FIT does not change what brands can deploy tomorrow. What it changes is the target. Until now, most virtual try-on systems have been judged mainly on whether the result looks plausible. FIT makes room for a more demanding question: does the garment appear to fit this specific body in a believable way?

That does not mean today's low-friction version of VTO goes away. It works because it asks for very little: a product image and a shopper photo. A fit-aware system would ask for more from both sides. Shoppers would need to share body measurements, and retailers would need to provide per-garment specifications that go beyond standard size labels.

From our perspective at FASHN AI, the most likely outcome is not that fit-aware VTO replaces standard VTO, but that the two coexist. Standard VTO would remain the default for styling, inspiration, and quick purchase decisions. Fit-aware VTO would become an additional mode for cases where both the shopper and the retailer are willing to provide the data. If that model matures, the harder question will be when the added accuracy justifies the extra friction.

Bonus for the technically curious

A few findings from the paper that don't show up on the project page but are worth surfacing if you care about how this is built.

Using measurements as a text prompt reduces fit accuracy substantially.

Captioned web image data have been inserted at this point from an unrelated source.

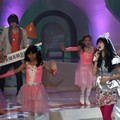 Aksi Panggung Vierra di Indonesia Kids' Choice Awards 2012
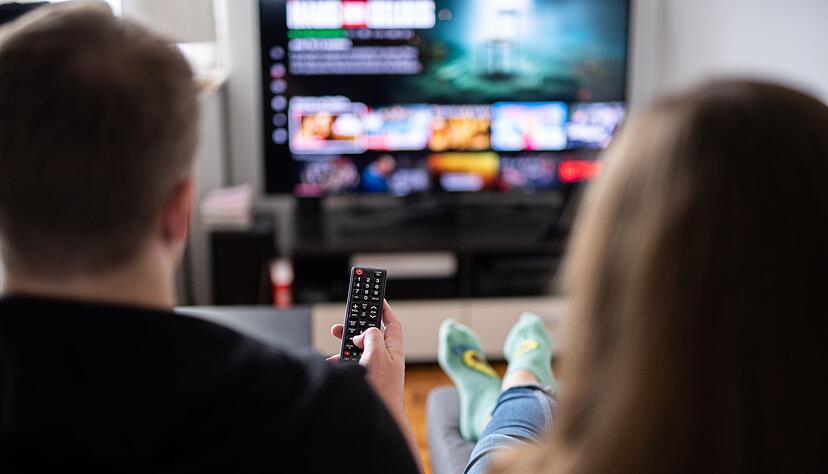 Streaming ist der gro&szlig;e Freizeit-Trend unserer Zeit.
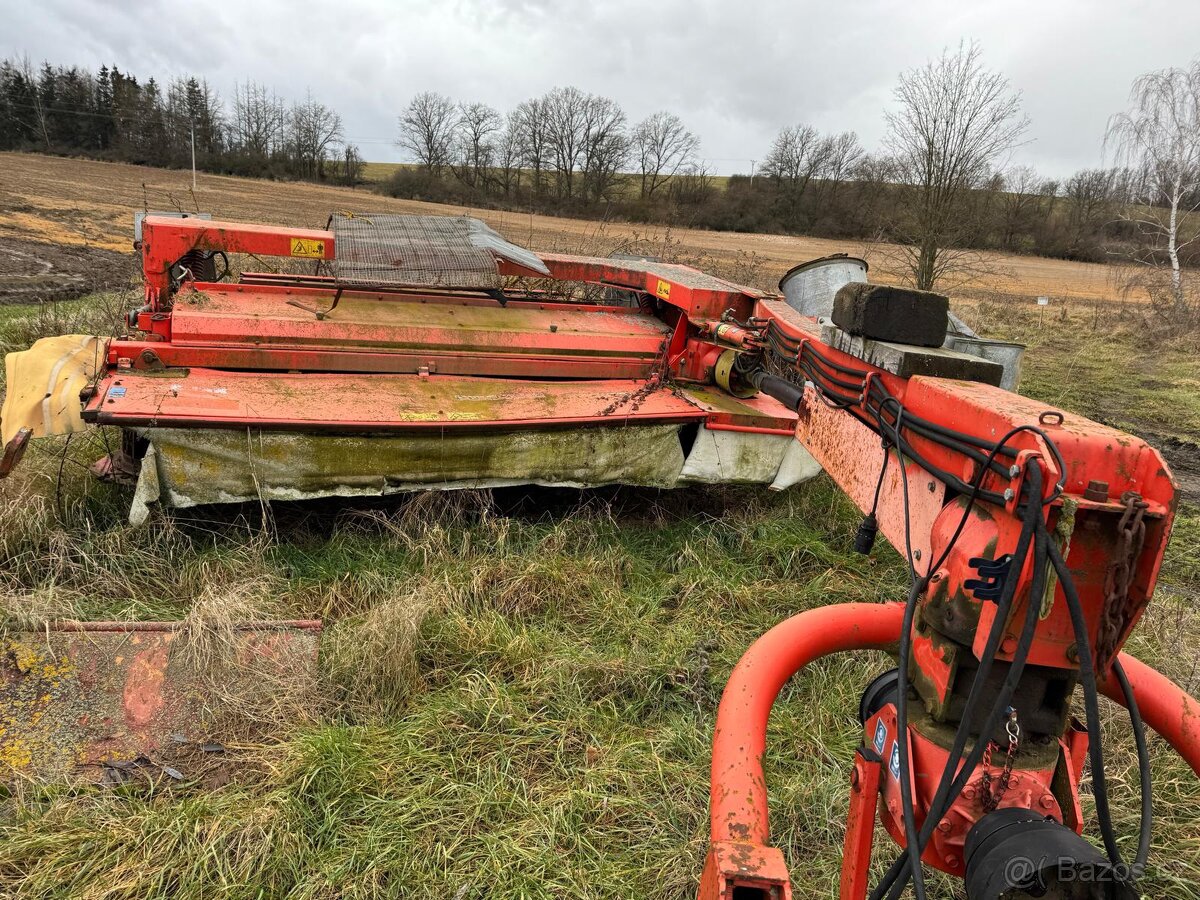 Žací lišta s kondicionérem Kuhn FC 352 G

The obvious productization shortcut would be to feed measurements as natural-language tokens ("chest 38, waist 32, length 27") through a standard text encoder and let the existing cross-attention do the rest. The authors tested it. Fit accuracy dropped sharply in the ablation. Pre-trained text encoders aren't designed to represent structured numerical inputs.

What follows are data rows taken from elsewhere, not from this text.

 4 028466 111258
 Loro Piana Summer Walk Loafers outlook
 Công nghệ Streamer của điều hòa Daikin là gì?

Normal maps preserve simulated geometry in the photorealistic output. The re-texturing step (synthetic render → photorealistic image) is the most fragile part of a synthetic-first pipeline. It's where simulated geometry usually gets washed out by the photorealism model. The authors use a FLUX.1 dev model conditioned on surface normal maps of the simulated scene. Because normals encode geometry directly, the photorealistic output preserves the simulated drape and fit, rather than "improving" it into a generic good-looking result.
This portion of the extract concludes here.